Authorities in Thailand also are strengthening their ability to intercept wildlife smugglers.
Wildlife checkpoint officers in southern Thailand and more than 50 airport staff from Hat Yai International Airport, including check-in counter attendants, baggage handlers, customs and immigration officers, police and security officials, have just completed four days of intensive training to detect and stop wildlife trafficking in the region.
The course was organized by the Royal Thai Government and hosted by the Department of National Parks, Wildlife and Plan Conservation.
Enforcement officers in southern Thailand learn to tackle wildlife crime. (Photo © TRAFFIC Southeast Asia)
The training was based on the Wildlife Trade Regulation Course developed by TRAFFIC Southeast Asia as part of the U.S.-funded support program for the Association of Southeast Asian Nations Wildlife Enforcement Network, ASEAN-WEN.
Meanwhile, on June 22 and 23 in Bangkok, members of the Asia Regional Partners Forum on Combating Environmental Crimes met to develop more effective ways to tackle wildlife crime in the Asia-Pacific region.
“Environmental crime is one of the most profitable forms of criminal activity world-wide,” the ASEAN-WEN group said in a statement Sunday. “It is a serious and growing international problem that is having devastating impacts on our environment.”
“Porous borders that facilitate illegal trade, ineffective laws, weak enforcement, a lack of knowledge and coordination among the enforcement community,” add to the problem, the ASEAN-WEN group acknowledged.
At the Bangkok meeting, participants reviewed a new United Nations report entitled “The Globalization of Crime,” which warns that tigers and black rhinos may become “extinct in the wild” as a result of illegal trafficking.
“Hunting of tigers is deliberate and systematic and there is evidence that ‘commissioning’ may occur,” states the UN report issued June 17. “Traders in China have indicated that they can submit orders for animal parts, which are then procured, not from the poachers directly, but from a network of dealers in trade hubs such as Delhi and Lucknow in India, and Kathmandu and Burang in Nepal.”
Wildlife trafficking routes in Southeast Asia (Map courtesy UNODC)
“Tigers are also smuggled across the Himalayas into China with important retail centres in Linxia, Xining, Lhasa, Nagqu, Shigatse and Litang,” the report states.
At the peak of the skin trade from 1999 through 2005 the primary demand for skins came from Tibet, where they are used to make traditional costumes, but this trade has declined since 2006, according to the UN report, which states, “Today, much of the demand comes from wealthy urban Chinese who use the skins as home decor items.”
Tiger parts continue to fetch high prices, the UN report finds, with skins retailing in 2009 for up to US$20,000 in China, and raw bones selling for up to US$1,200 per kilo.
“A single kill would represent a large amount of money to individual traffickers in the region, because they are relatively close to the destination market, and so could be expected to earn a good share of the final retail figure. As a result, the incentives for poaching and trafficking remain strong,” states the UN report.

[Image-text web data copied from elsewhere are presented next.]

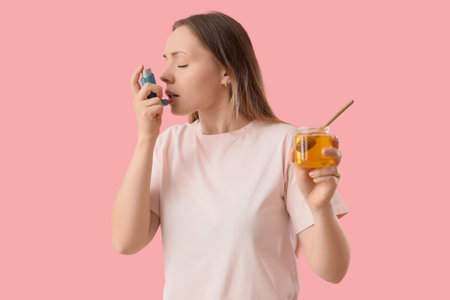 Young woman with honey using asthma inhaler on pink background. Food Allergy Awareness Month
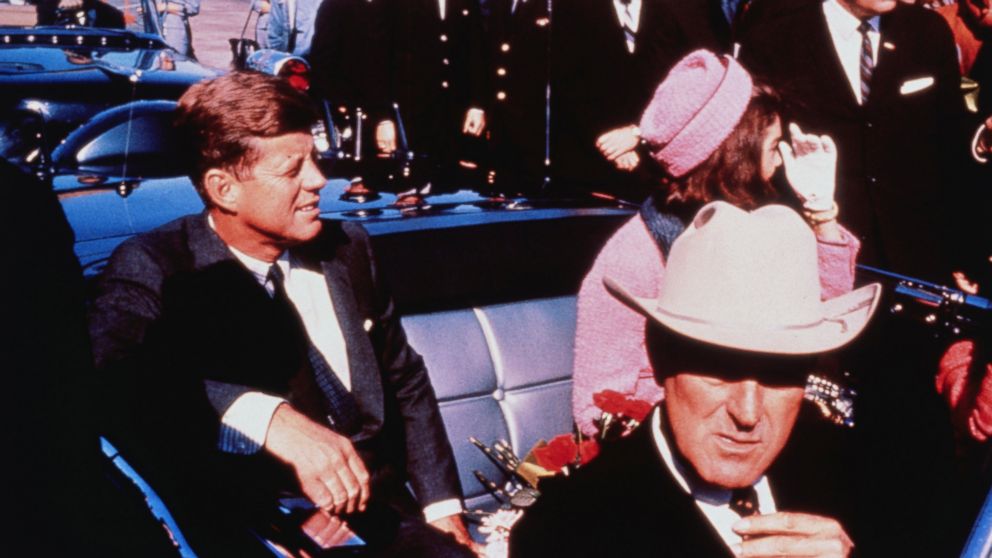 Texas Governor John Connally adjusts his tie (foreground) as President and Mrs. Kennedy, in a pink outfit, settled in rear seats, prepared for motorcade into city from airport, Nov. 22, 1963 in Dallas. 
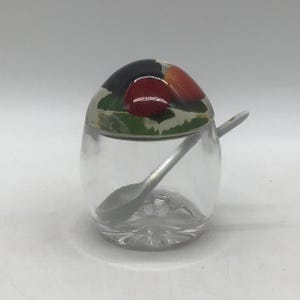 May include: A clear glass sugar bowl with a decorative lid featuring a strawberry design. The lid is painted with red strawberries, green leaves, and a black background. A small silver spoon rests inside the bowl.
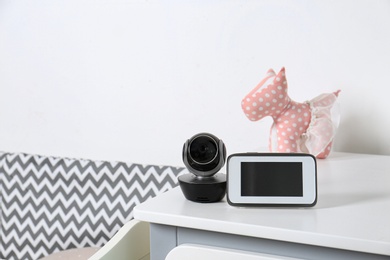 Baby monitor with camera and toy on chest of drawers near crib in room, space for text. Video nanny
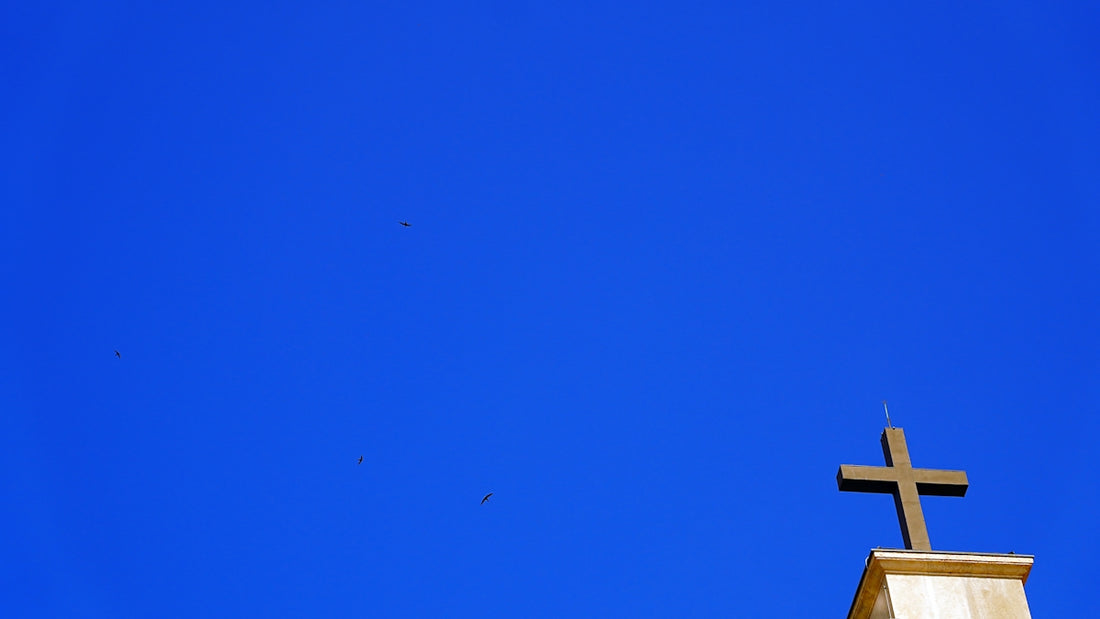 A cross on top of a building against blue sky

In January, the State Forestry Administration of China has issued a directive calling for increased protection of wild tigers through natural habitat management, stronger law enforcement action against illegal trade in tiger parts and products, stricter regulation of captive breeding regulations and enhanced public awareness campaigns.
Tigers have become a global icon for species on the brink of extinction, especially during the current Chinese Year of the Tiger. TRAFFIC, WWF and others are working this year to secure political commitments that will double the number of wild tigers by the next Year of the Tiger in 2022.